2月21日

Journal 21.2,2023


今日も朝から撮影。昨日よりもずっと背中の調子はいい。先生からも安静にしていれば痛みは3日で徐々に消えていくと聞いていたけど、本当にその通りだった。今日は稲妻が背中を走るような痛みに襲われることもなかった。

負担のかかりそうな体勢は極力避けて、重いものを移動する時はアシスタントのムーンちゃんにお願いした。リュックに忍ばせておいたロキソニン4錠を一度も飲むこともなく無事に撮影は終了。なんとか乗り切れた。それに、身体もどんどん回復に向かってる。

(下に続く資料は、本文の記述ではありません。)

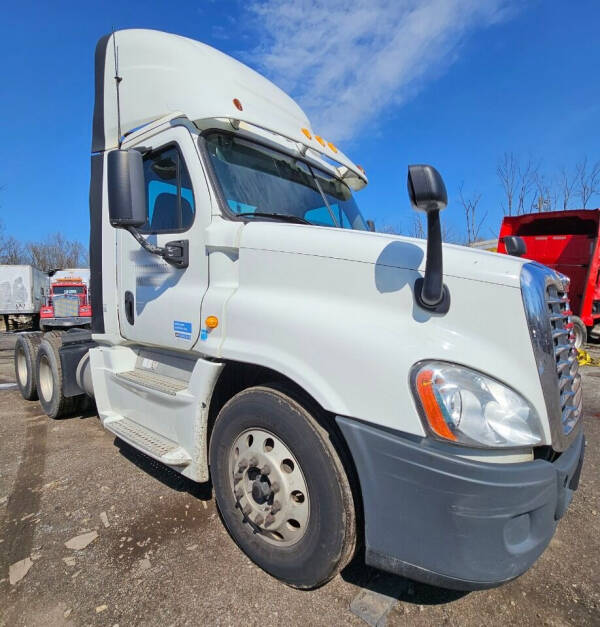 2014 Freightliner Cascadia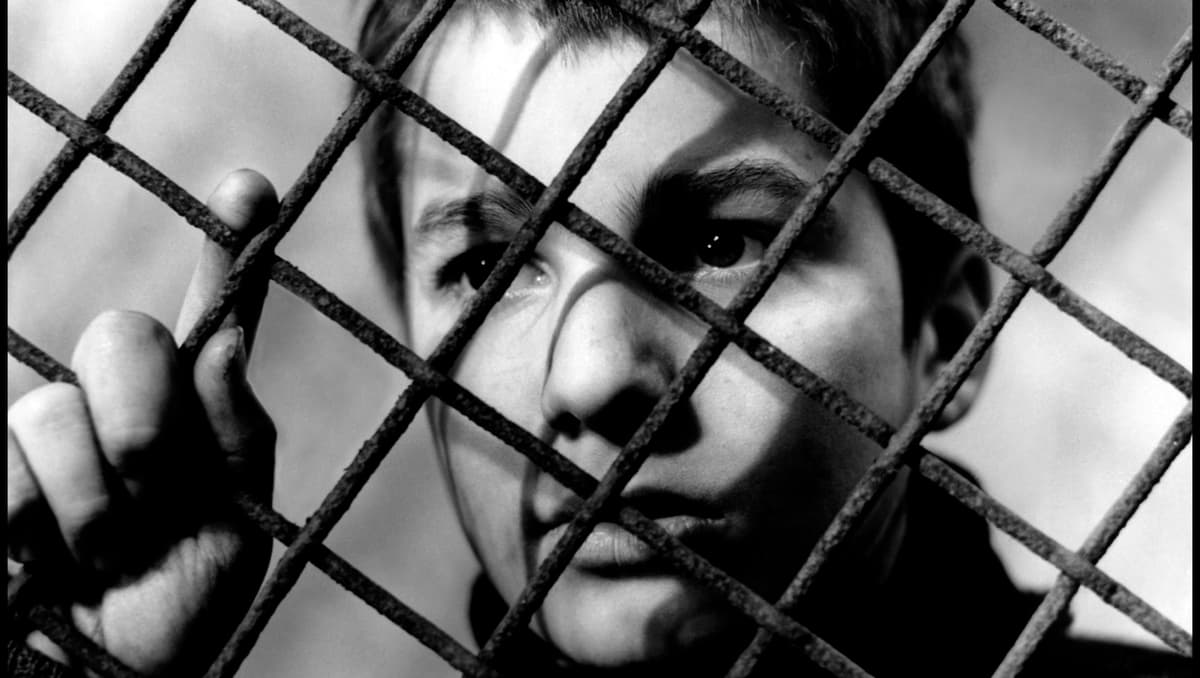 The 400 Blows (As part of the Nouvelle Vague retrospective)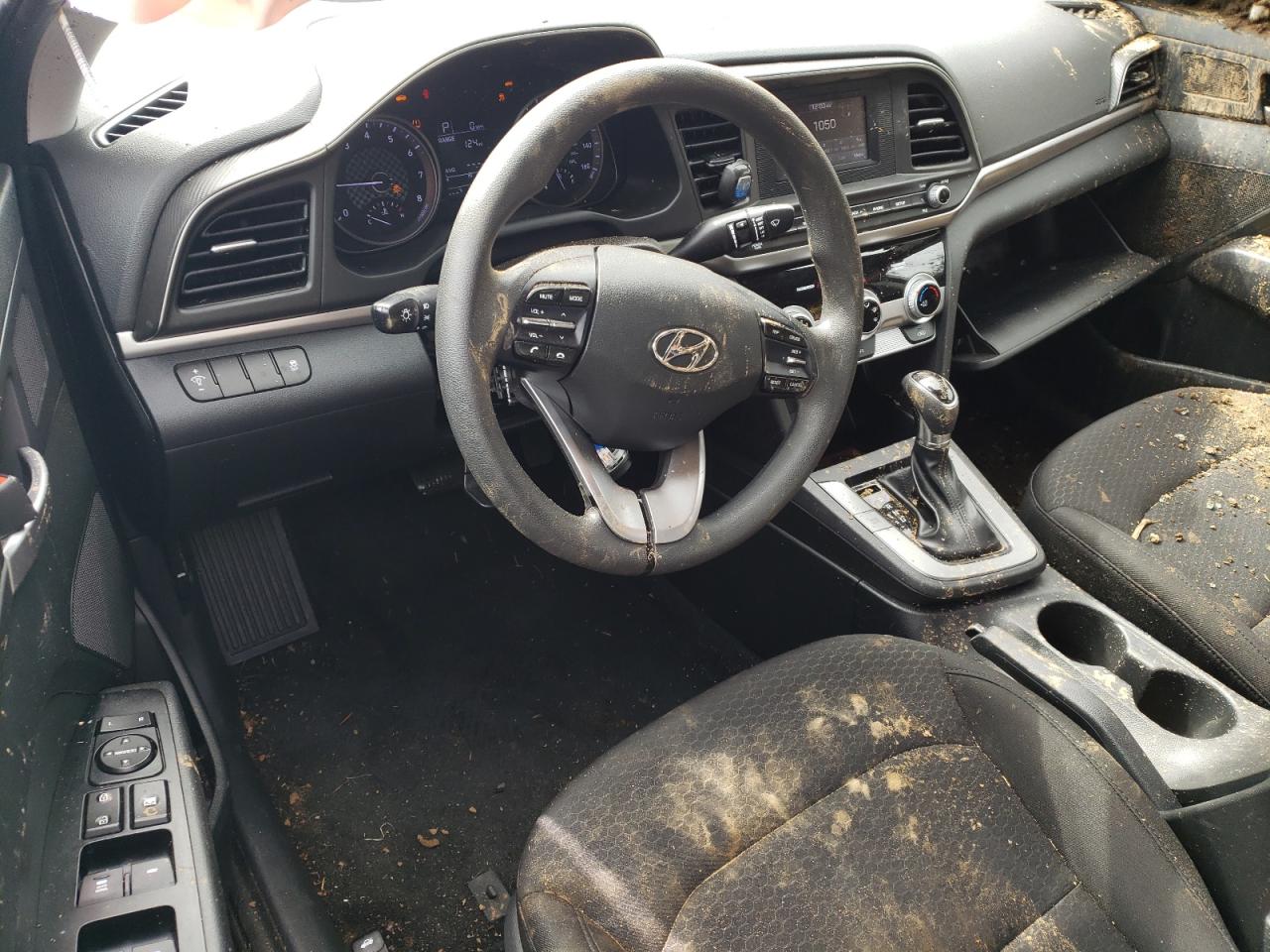 5NPD74LF4KH443388 2019 Hyundai Elantra Se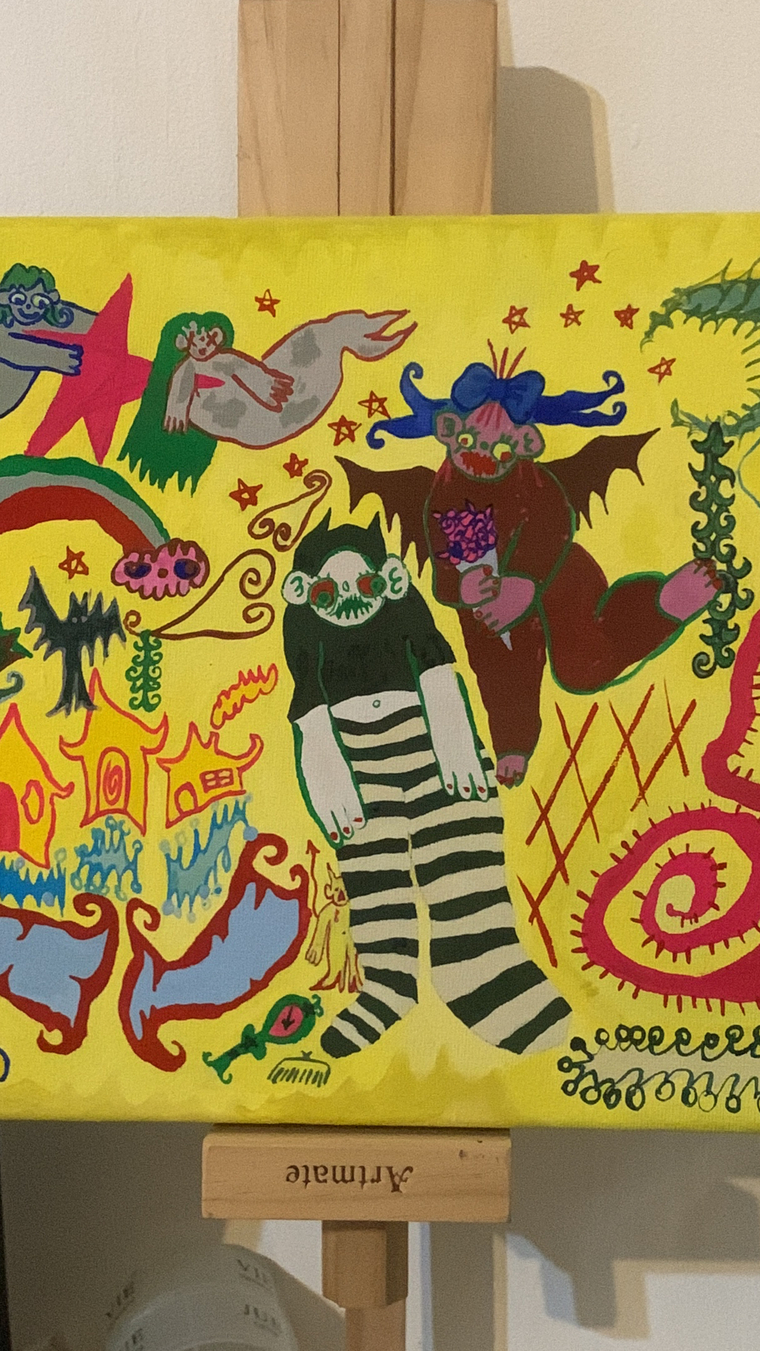 klavel cover image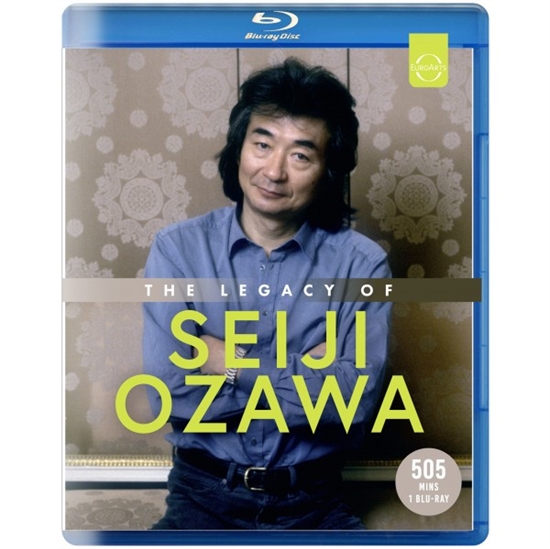 Seiji Ozawa - The Legacy of Seiji Ozawa (BLURAY)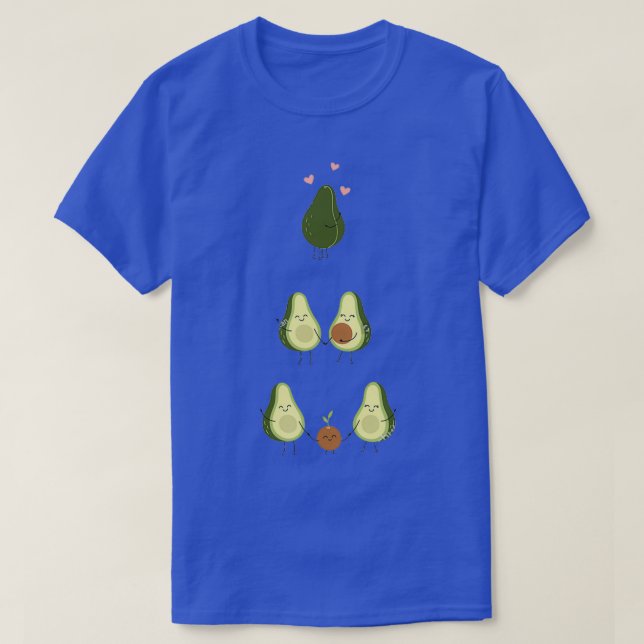 Camiseta amor abacado 13 (Frente do Design)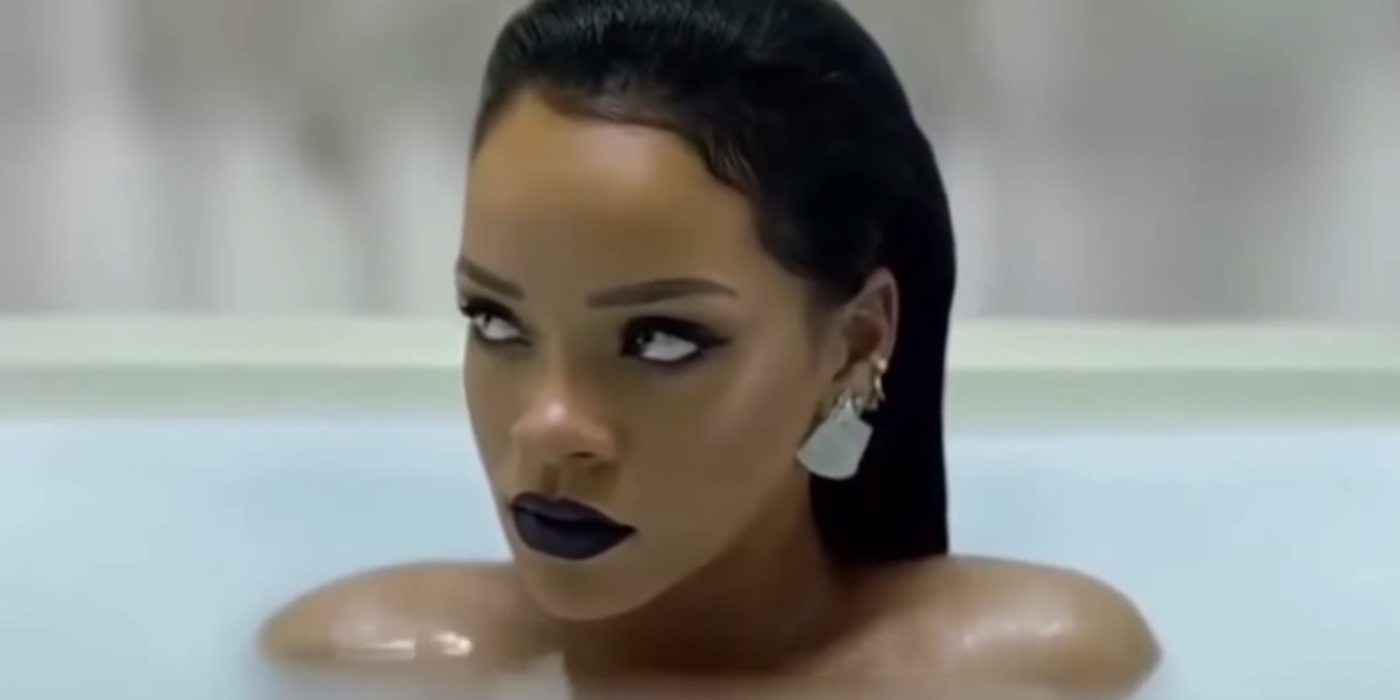 Rihanna Just Responded to That Terrible Snapchat Ad: ‘Throw the Whole App-ology Away’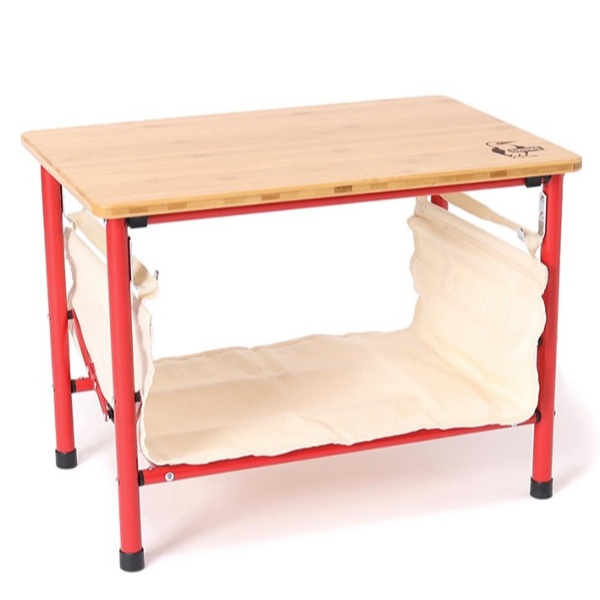 ファイヤーウッドテーブル Firewood Table(約W60xD40xH45cm) CH62-1849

先週の撮影で私が起こした背中ぎっくりは背中の筋肉が破れ内出血を起こしてしまう状態で、症状としてはぎっくり腰そのもの。激痛と共に身体がピクリとも動かせなくなる。体力のある無しに関係なく、過度な筋肉へのストレスでばりっといってしまうものらしい。マッチョなお兄さんから、私のような中年女まで誰でもなる。とはいえ、ならない努めは出来る気がしてる。春からピラティスにでも通おうと小さく誓った。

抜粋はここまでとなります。